• **YOUR INSTRUCTIONS**
Starting at the line that contains "DICRO MACROLED ECO", return every line through the end of the data exactly, without pictures.

• **AVAILABLE DATA**
··········
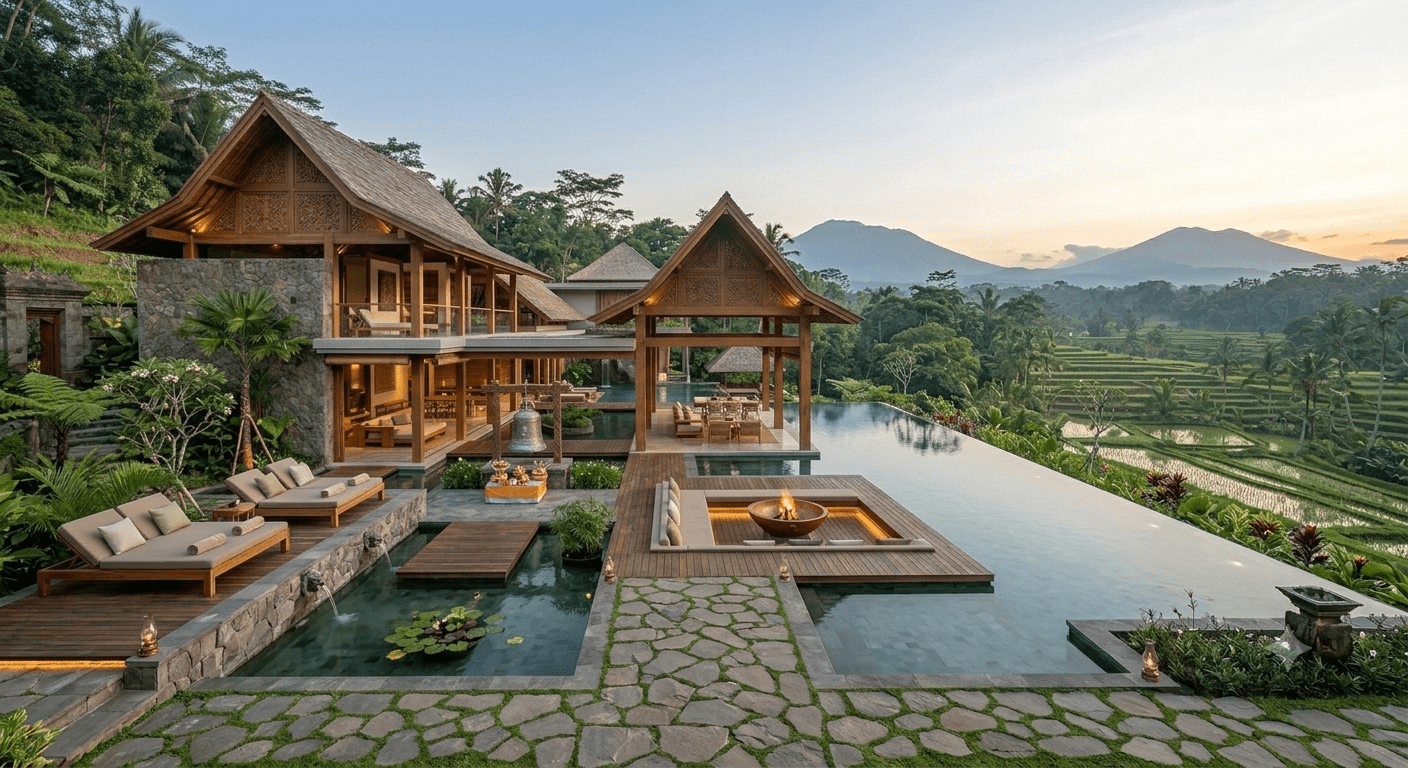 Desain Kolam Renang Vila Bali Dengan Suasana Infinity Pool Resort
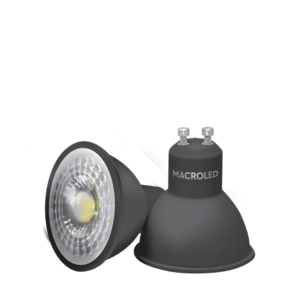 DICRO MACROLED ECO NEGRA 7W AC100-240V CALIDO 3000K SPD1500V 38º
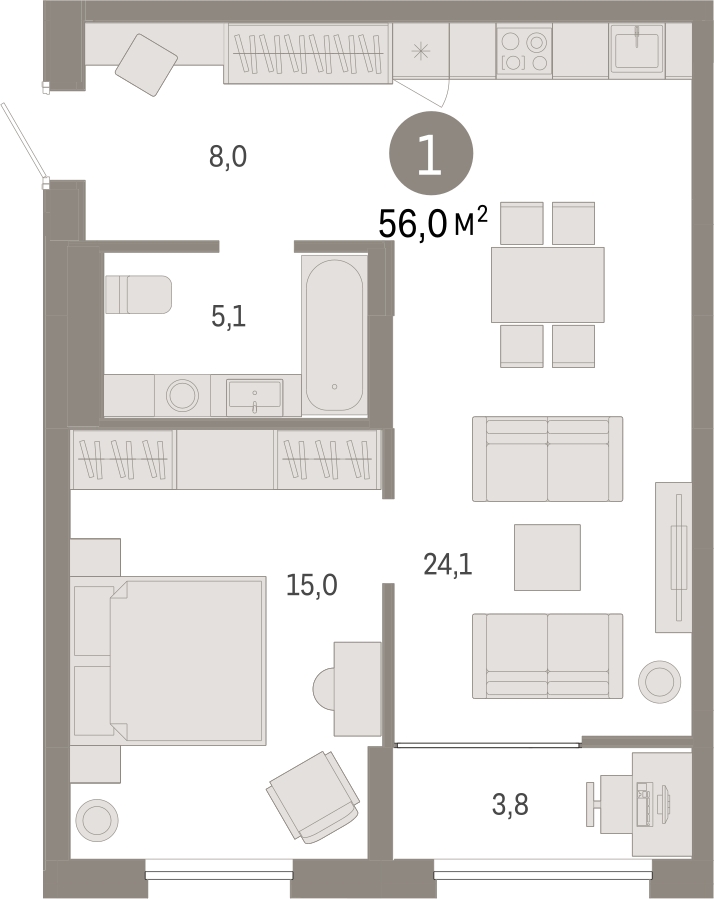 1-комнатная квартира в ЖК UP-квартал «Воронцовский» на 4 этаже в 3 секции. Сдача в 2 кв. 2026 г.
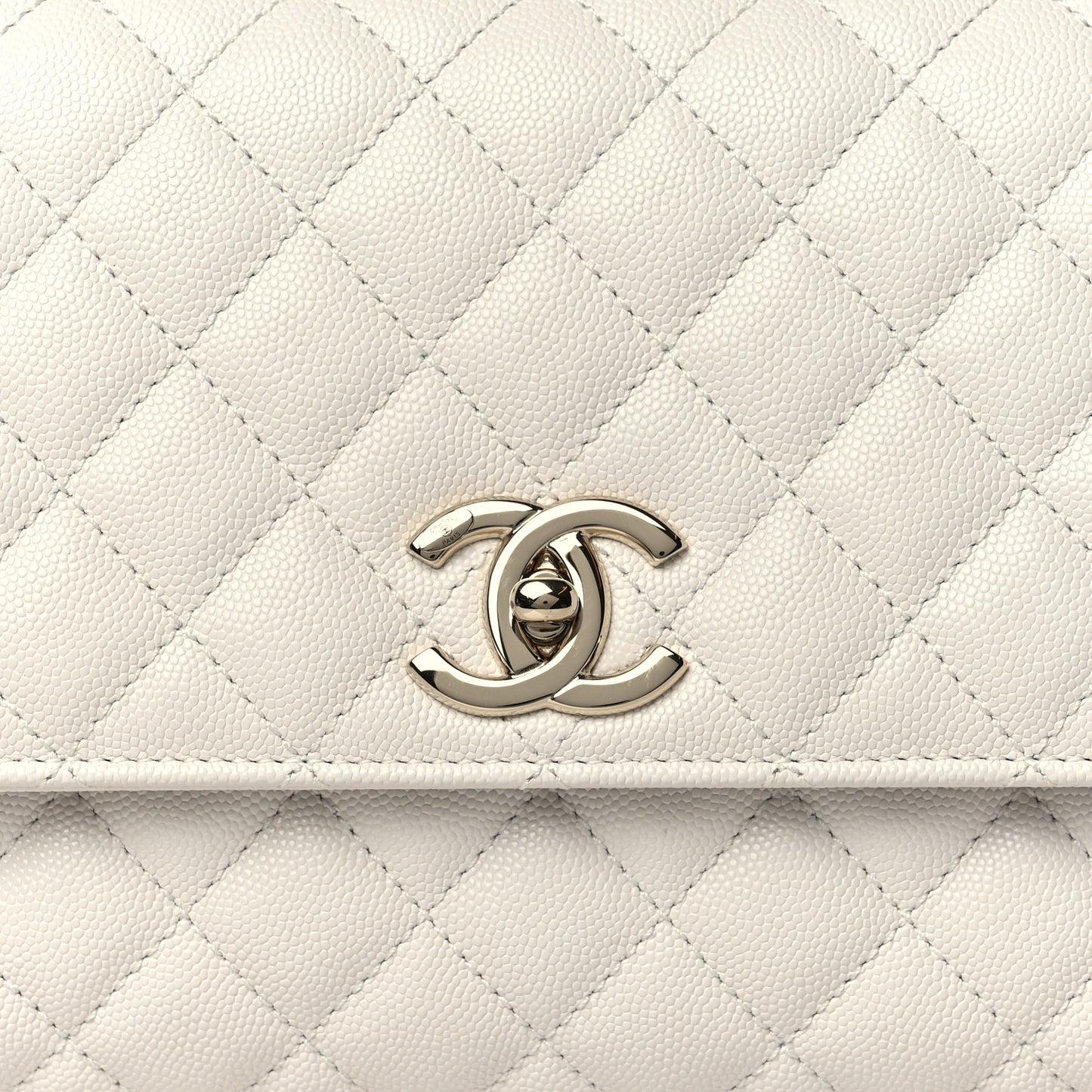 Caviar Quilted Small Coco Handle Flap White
··········
• **EXERCISE RESULT**
 DICRO MACROLED ECO NEGRA 7W AC100-240V CALIDO 3000K SPD1500V 38º
 1-комнатная квартира в ЖК UP-квартал «Воронцовский» на 4 этаже в 3 секции. Сдача в 2 кв. 2026 г.
 Caviar Quilted Small Coco Handle Flap White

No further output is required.